History of the Los Altos Union Presbyterian Church
For centuries, the Ohlones Native Americans lived in the South Bay. In 1769, Don Gaspar de Portola, off course in his search for Monterey Bay, rode across Los Altos, the first European to do so. In the decades to come, the area would be divided and sub-divided among various land grants and early settlers. Development came slowly to Los Altos. Fruit, vineyards and hay were the chief produce of the area.
In 1907, a new rail line conveyed San Franciscans down the Peninsula. Railroad officials established the town of Los Altos encouraged by land speculation. Around the new train depot, a few merchants erected buildings on Main Street. Paul Shoup constructed one of the earliest buildings, a two-story structure, on Second and Main for $5000. (It is still there.) The first floor contained a market. The new town used the second floor as a public hall. During the week, it served as a schoolroom. On Sunday mornings, it became the site of the first worship services in Los Altos.

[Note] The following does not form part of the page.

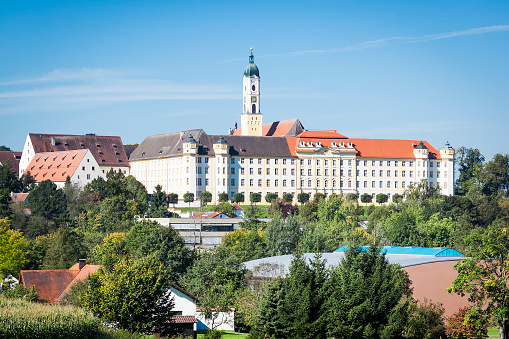 An image of the beautiful monastery in Ochsenhausen Bavaria Germany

O.M. Hester, a retired minister, sought to establish a Methodist congregation in the new town. He gathered residents together for worship and Bible study. They met for the first time in 1909 in the Shoup building. Because the congregation included persons from a variety of Protestant faiths, they abandoned the idea of affiliating with one denomination. On Easter Sunday, March 23, 1913, the members affirmed their Articles of Faith and the Union Church of Los Altos was formally established as a community church for Los Altos. For some now-forgotten reason, the final step of incorporation with the state was not carried out until one year later. This omission gave the Episcopal Church the official distinction of being the first church organized in Los Altos. On the day of its incorporation, April 14, 1914, Union Church of Los Altos had 34 members.